Numero 5 - Sett - Ott 2019
Società agricola di persone e riscatto di fondo rustico: la Corte di cassazione afferma un nuovo orientamento sulla prova del requisito di coltivatore diretto
Con la recente pronuncia in commento la Corte Suprema ha enunciato un principio nuovo sul quale è necessario un approfondimento, tenuto conto che, per la prima volta, viene affermato che la qualifica soggettiva di coltivatore diretto in tema di prelazione e riscatto agrari delle società agricole non è dimostrata da una situazione di fatto accertabile con qualsiasi mezzo, ma dipende dall’iscrizione di almeno la metà dei soci nella sezione speciale del registro delle imprese.

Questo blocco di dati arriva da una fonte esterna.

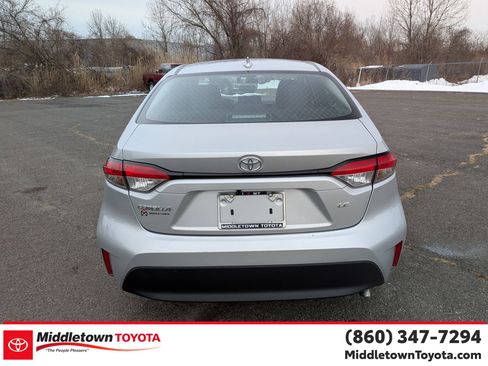 Certified 2024 Toyota Corolla LE image 4
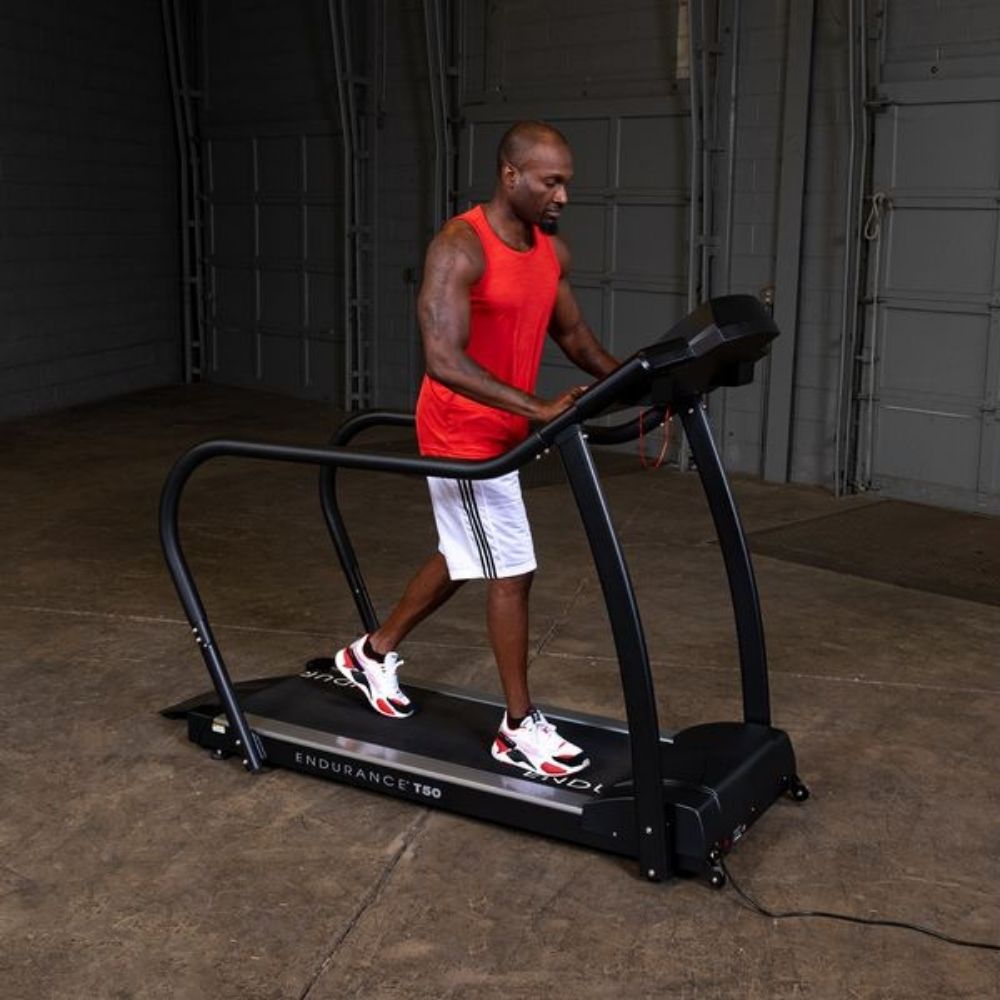 Body Solid Endurance Walking Treadmill SKU T50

La Corte ha ritenuto infatti che, in tema di riscatto agrario, requisito indispensabile per l’esercizio del diritto da parte di una società agricola di persone, ai sensi dell’art. 2, comma 3 del d.lgs. n. 99/2004, è l’iscrizione di almeno la metà dei soci nella sezione speciale del registro delle imprese di cui all’art. 2188 c.c., con la conseguenza che la omessa indicazione di tale qualifica in detta sezione preclude l’accoglimento della domanda di riscatto. Secondo i Giudici Supremi, l’univoco tenore letterale della norma di cui al d.lgs. n. 99/2004 induce a ritenere che l’iscrizione sia richiesta quale requisito essenziale ai fini della tutela dei terzi e che non vi sia la possibilità di dimostrare aliunde la qualifica soggettiva del socio. Il differente trattamento rispetto al singolo coltivatore diretto (che deve sempre fornire la prova della sua qualifica di fatto) – prosegue la Corte – è determinato dall’esercizio in forma societaria dell’attività diretto-coltivatrice «che, come tale, impone, a tutela del terzo acquirente e della libera circolazione dei beni, una più immediata e certa conoscenza dell’eventuale qualifica di coltivatore diretto dei soci e, conseguentemente, del diritto di riscatto in capo alla società».